> _INPUT DATA_:
----
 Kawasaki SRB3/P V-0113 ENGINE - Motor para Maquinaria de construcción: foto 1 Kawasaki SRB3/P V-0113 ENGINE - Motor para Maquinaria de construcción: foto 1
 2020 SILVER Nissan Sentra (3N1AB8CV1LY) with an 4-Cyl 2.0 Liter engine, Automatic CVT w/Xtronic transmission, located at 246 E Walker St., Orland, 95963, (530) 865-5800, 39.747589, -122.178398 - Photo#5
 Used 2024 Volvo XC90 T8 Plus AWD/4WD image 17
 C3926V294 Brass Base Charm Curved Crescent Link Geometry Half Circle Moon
----
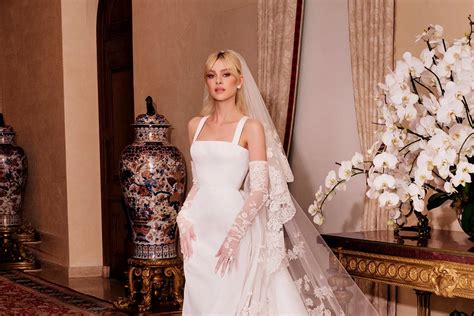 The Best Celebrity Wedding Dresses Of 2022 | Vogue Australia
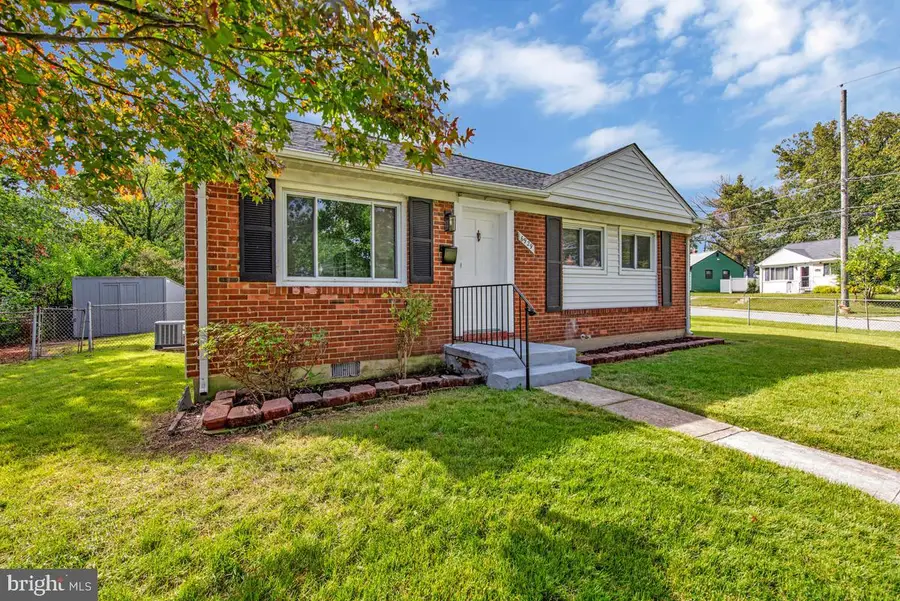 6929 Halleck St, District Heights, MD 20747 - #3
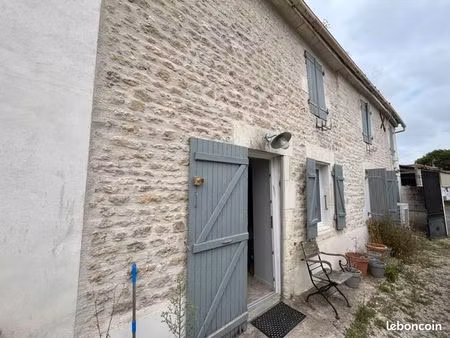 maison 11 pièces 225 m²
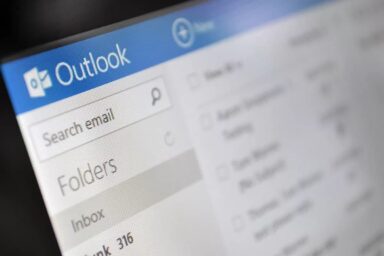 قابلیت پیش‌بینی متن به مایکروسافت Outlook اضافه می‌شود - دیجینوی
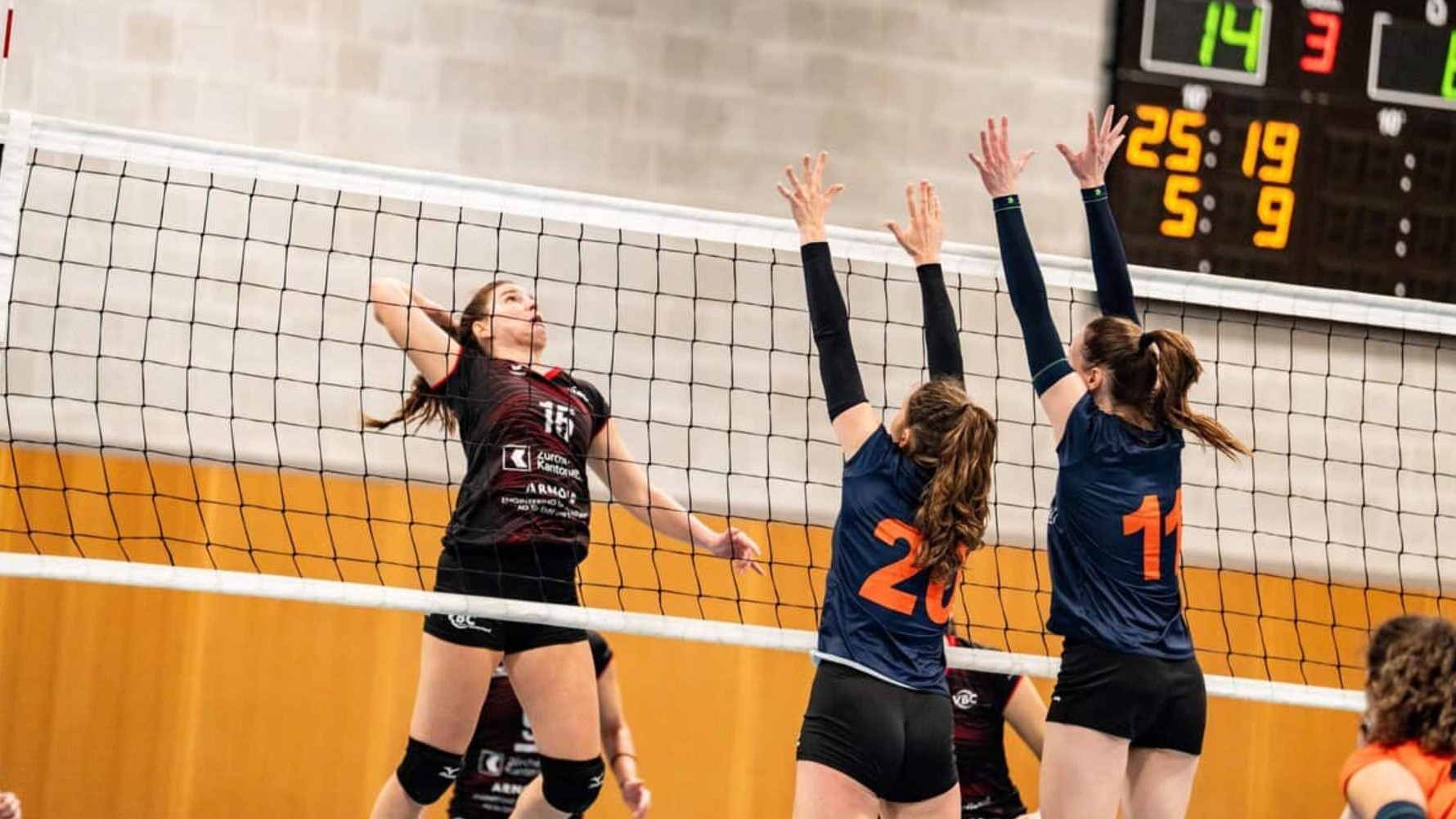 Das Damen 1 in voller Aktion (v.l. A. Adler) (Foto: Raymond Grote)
----
> _YOUR GOAL_: Above are the entries. Output exactly the lines beginning with the line that has "foto 1 Kawasaki" and ending with the line that has "C3926V294 Brass Base".

> _OUTPUT OF THE TASK_:
 Kawasaki SRB3/P V-0113 ENGINE - Motor para Maquinaria de construcción: foto 1 Kawasaki SRB3/P V-0113 ENGINE - Motor para Maquinaria de construcción: foto 1
 2020 SILVER Nissan Sentra (3N1AB8CV1LY) with an 4-Cyl 2.0 Liter engine, Automatic CVT w/Xtronic transmission, located at 246 E Walker St., Orland, 95963, (530) 865-5800, 39.747589, -122.178398 - Photo#5
 Used 2024 Volvo XC90 T8 Plus AWD/4WD image 17
 C3926V294 Brass Base Charm Curved Crescent Link Geometry Half Circle Moon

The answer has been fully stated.